The processing element 209 may process the plurality of data packets according to a Layer 2 cellular network protocol, e.g. as described below with respect to FIGS. 3 to 5. The processing element 209 may re-order the plurality of data packets before offloading 206 the second parts of the plurality of processed data packets. The processing element 209 may process a RLC re-transmission protocol for re-ordering the plurality of data packets 205.

The data processing device 201 may include a first buffer to store the plurality of data packets 205 according to a Layer 1 cellular network protocol, e.g. a layer 1 buffer as described below with respect to FIGS. 3 to 5. The processing element 209 may retrieve the plurality of data packets 205 from the first buffer. The data processing device 201 may include a second buffer to store the first parts of the plurality of processed data packets 205, e.g. a layer 2 buffer as described below with respect to FIGS. 3 to 5.

The data processing device 201 may include an intermediate buffer to temporarily store the second parts of the plurality of processed data packets 205 before offloading 206 the second parts to the remote data processing device 203, e.g. an intermediate buffer as described below with respect to FIG. 5.

The data processing device 201 may include a second processing element to provide a location of the second parts of the plurality of processed data packets stored in the intermediate buffer to the interface for controlling the offloading 206 of the second parts, e.g. an IPC processor as described below with respect to FIG. 5. The intermediate buffer may have a size for storing an exemplary number of two or four second parts such as headers of the plurality of processed data packets.

The remote data processing device 203 includes an interface 202 and a memory 207. The interface 202 is configured to receive the plurality of second parts of processed data packets offloaded from the data processing device 201 and to receive the notification 208 from the data processing device 202 of the offload 206 of the second parts.

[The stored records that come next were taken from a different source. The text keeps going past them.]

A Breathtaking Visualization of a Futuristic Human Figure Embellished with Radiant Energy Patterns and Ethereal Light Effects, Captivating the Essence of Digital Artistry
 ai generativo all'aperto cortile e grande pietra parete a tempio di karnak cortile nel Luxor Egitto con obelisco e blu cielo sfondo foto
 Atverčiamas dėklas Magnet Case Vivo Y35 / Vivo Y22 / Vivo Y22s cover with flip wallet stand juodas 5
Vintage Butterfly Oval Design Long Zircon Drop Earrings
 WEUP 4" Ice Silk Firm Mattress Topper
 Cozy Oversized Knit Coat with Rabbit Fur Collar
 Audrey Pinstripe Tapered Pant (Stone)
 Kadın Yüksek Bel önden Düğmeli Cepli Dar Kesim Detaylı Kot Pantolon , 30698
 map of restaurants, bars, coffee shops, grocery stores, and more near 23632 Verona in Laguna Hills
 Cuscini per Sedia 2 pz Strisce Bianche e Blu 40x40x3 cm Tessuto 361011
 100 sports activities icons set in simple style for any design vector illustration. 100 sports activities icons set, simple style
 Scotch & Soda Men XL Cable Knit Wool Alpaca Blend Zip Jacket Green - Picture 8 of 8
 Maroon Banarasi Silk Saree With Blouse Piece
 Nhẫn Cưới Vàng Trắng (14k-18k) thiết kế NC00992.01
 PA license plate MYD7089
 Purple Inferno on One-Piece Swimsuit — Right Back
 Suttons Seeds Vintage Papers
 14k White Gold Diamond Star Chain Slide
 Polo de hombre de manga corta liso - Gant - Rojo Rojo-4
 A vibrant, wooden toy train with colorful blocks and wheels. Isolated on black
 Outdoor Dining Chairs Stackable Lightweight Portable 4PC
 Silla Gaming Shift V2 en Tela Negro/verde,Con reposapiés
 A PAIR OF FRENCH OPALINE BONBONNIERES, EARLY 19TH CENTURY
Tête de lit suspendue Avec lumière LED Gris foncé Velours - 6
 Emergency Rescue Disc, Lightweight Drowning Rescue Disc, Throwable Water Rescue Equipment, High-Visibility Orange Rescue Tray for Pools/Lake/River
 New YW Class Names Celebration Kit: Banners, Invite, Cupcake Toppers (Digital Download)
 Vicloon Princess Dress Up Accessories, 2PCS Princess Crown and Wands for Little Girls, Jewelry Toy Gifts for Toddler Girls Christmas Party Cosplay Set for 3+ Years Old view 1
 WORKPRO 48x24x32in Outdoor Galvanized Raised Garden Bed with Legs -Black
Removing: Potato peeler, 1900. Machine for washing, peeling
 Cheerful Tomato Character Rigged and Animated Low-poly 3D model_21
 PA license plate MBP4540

The memory 207 is configured to store the plurality of second parts of processed data packets offloaded from the data processing device 201, e.g. as described below with respect to FIGS. 3 to 5. The memory 207 may be a shared memory between the DPD 201 and the remote DPD 203.

The notification 208 of the offload 206 is decoupled from the reception of the plurality of offloaded second parts of processed data packets.

The remote data processing device 203 includes a processing element 211 that retrieves the plurality of second parts of processed data packets from the memory 207 for further processing. The processing element 211 of the remote DPD 203 may retrieve the plurality of second parts of processed data packets from the memory 207 based on the notification 208 from the DPD 201.

The interface 202 may receive the second parts per single TTI. The IPC service 204 may receive the notification 208 from the data processing device 201 per single TTI or per multiple TTIs. The second parts of processed data packets may include user data, e.g. datagrams or IP packets as described below with respect to FIGS. 3 to 5. The second parts may be processed according to a Layer 2 cellular network protocol.

The plurality of second parts of processed data packets may be received in sequence according to an initial transmission sequence. The memory 207 may include a set of data buffers and a ring buffer of transfer descriptors. A transfer descriptor of the ring buffer may indicate a specific data buffer of the set of data buffers, e.g. as described below with respect to FIG. 4. The interface 202 may be configured to store the received plurality of second parts of processed data packets in the set of data buffers of the memory 207. The IPC service 204 may receive at least one transfer descriptor indicating the set of data buffers storing the received plurality of second parts of processed data packets, e.g. as described below with respect to FIG. 4.

The communication system 200 may be integrated on a single chip. The remote data processing device 203 may include a shared memory 207 for storing the second parts of the plurality of processed data packets. The data processing device 201 may include a dedicated memory for storing the first parts of the plurality of processed data packets. The dedicated memory may be protected against access from the remote data processing device 203.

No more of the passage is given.